The end of the war also permitted Charles Tiffany’s focus on diamonds to begin anew. By the 1870s, Tiffany would be known as the King of Diamonds, and his influence and buying power continued to grow. His innovative work won acclaim at international expositions (Paris 1878, 1884, 1889, 1900; Chicago 1893). In 1867, Tiffany & Co. won the Award of Merit at the Paris Exposition Universelle, the first time an American company had been so honored by a European jury.

In 1879, Tiffany acquired a 287-carat yellow diamond mined in South Africa two years earlier. He would entrust its cutting to a 23-year old gemologist who had just joined the company. The now famous Tiffany Yellow is an 82-facet cushion shape weighing 128.54 carats. In over 100 years, the stone is only known to have been worn by two women: Mrs. Sheldon Whitehouse at the 1957 Tiffany Ball and Aubrey Hepburn in 1961 in a publicity photo for the movie, Breakfast at Tiffany’s.

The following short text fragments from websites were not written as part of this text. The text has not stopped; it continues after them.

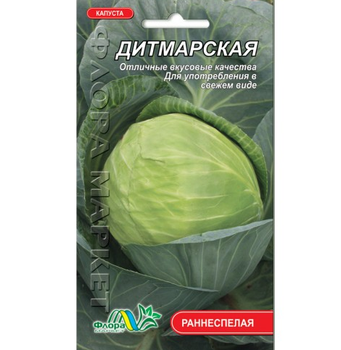 Семена капуста Дитмарская раннеспелая 0.5 г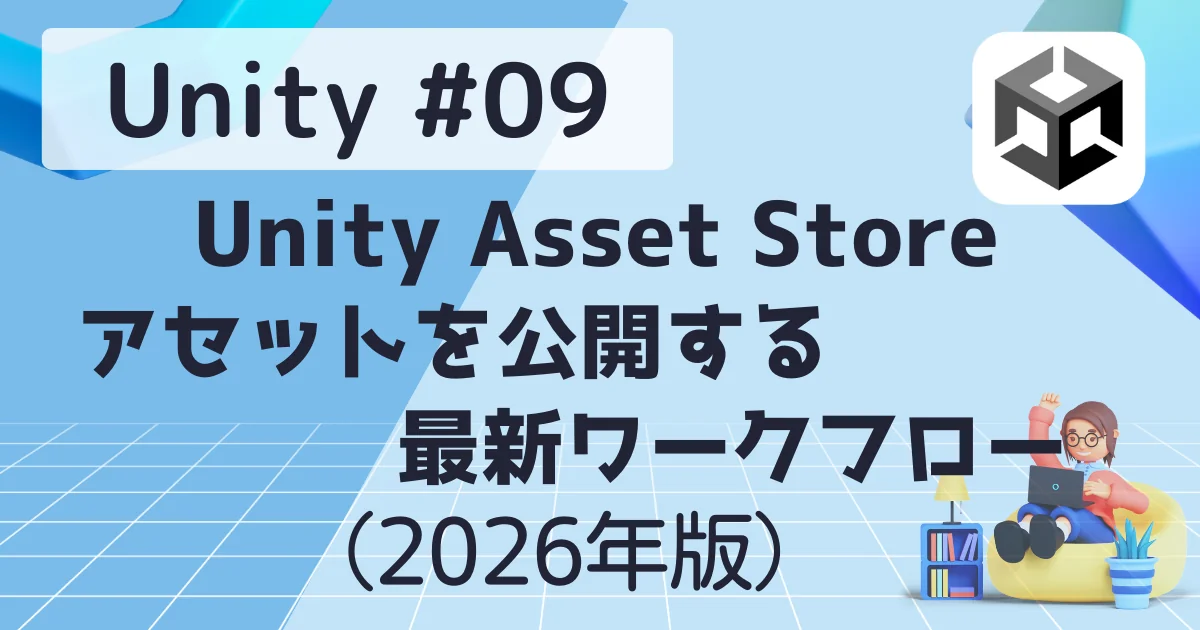 [Unity] #09 Unity Asset Store にアセットを公開する最新ワークフロー（2026年版）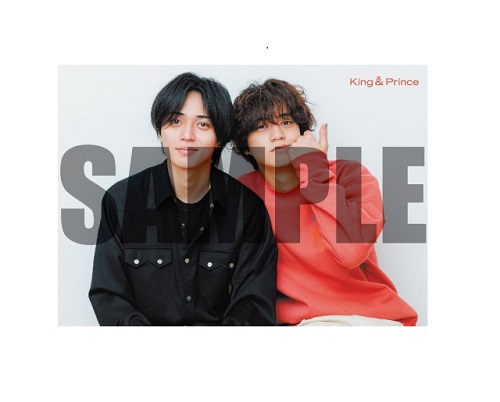King & Prince ニューシングル『HEART』2025年3月12日発売 - TOWER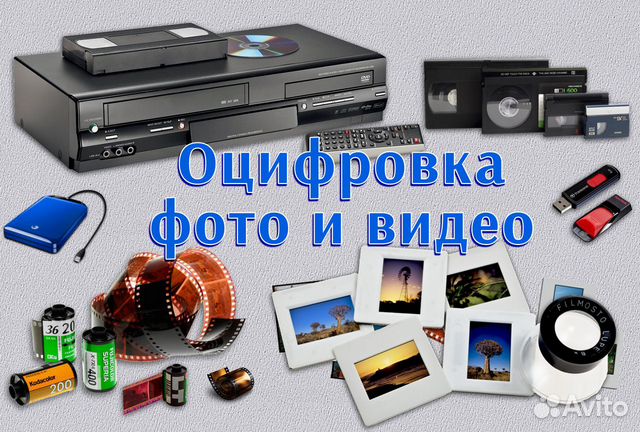 Оцифровка видеокассет и фотопленок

In 1886, frustrated by ring settings that covered all but the table of a diamond, Charles Tiffany himself designed a new clasp to allow more of each diamond’s brilliance to be seen. What soon became known as the Tiffany Setting, was a six-claw setting with minimal use of metal that would expose more of the diamond. It has been called the most “brilliant ring ever” and is now a universal term to describe any diamond mounted in a claw setting, Tiffany or not.

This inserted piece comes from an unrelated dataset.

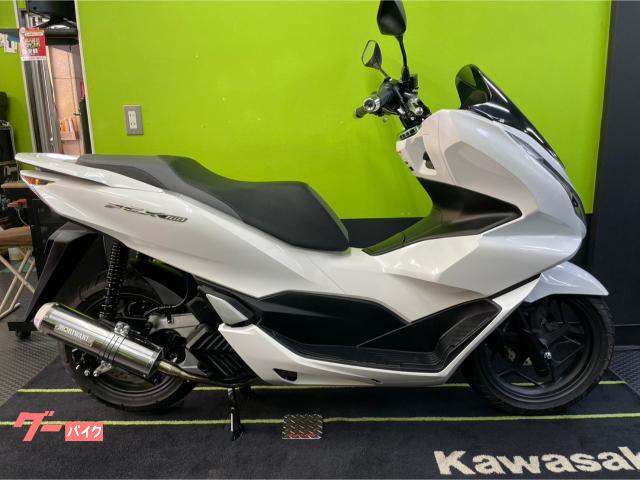 グーバイク】社外マフラー・AT・「pcx(ホンダ)」のバイク検索結果一覧 ...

In 1887, Charles Tiffany successfully purchased about one third of the French crown jewels when they were sold off after the collapse of the Second French Empire. One of his buyers, Thomas Banks, was coincidentally in Paris at the time, and Tiffany became the single largest buyer during the sale, which further raised his prominence and influence among wealthy European society. He purchased several famous stones, including some depicted in artwork having been worn by Queen Elizabeth I and Napoleon.

By the time of his death in 1902 at the age of 90, Charles Tiffany had transformed a $1,000 investment into a $35 million dollar fortune. At the time, that represented 1/616th of the entire United States GNP.